GOAL OF THE EXERCISE – Every line below needs to be printed again exactly, without any of its pictures.

GIVEN MATERIAL –
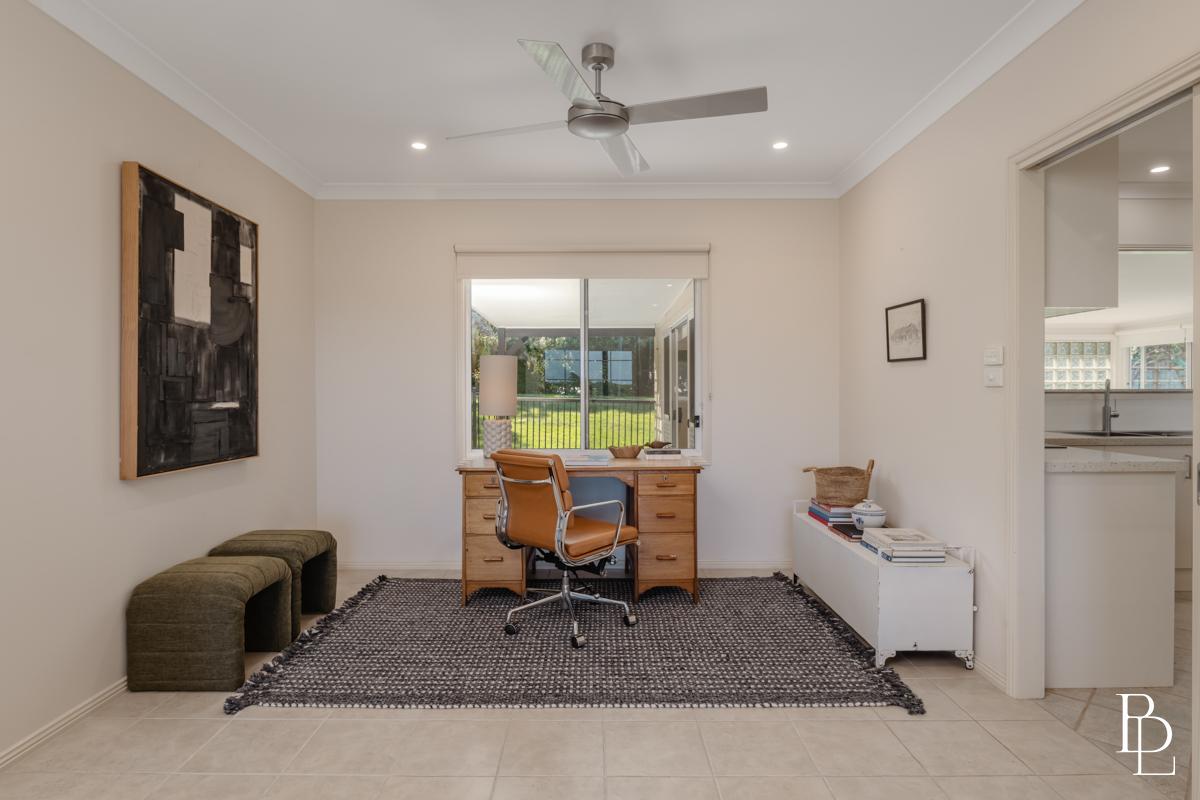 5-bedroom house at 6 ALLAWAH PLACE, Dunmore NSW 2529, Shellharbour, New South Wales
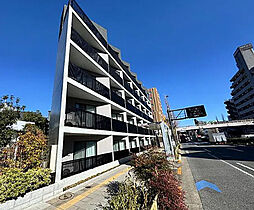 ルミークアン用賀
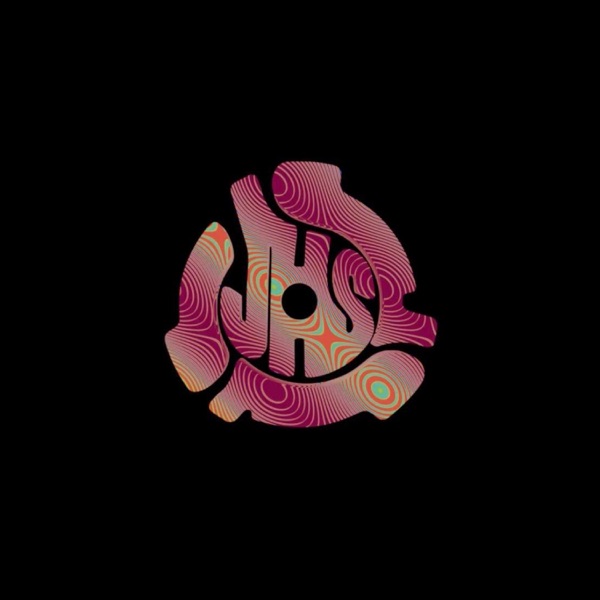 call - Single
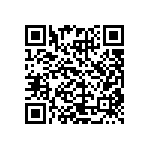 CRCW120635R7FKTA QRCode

OUTPUT FOR THIS EXERCISE –
 5-bedroom house at 6 ALLAWAH PLACE, Dunmore NSW 2529, Shellharbour, New South Wales
 ルミークアン用賀
 call - Single
 CRCW120635R7FKTA QRCode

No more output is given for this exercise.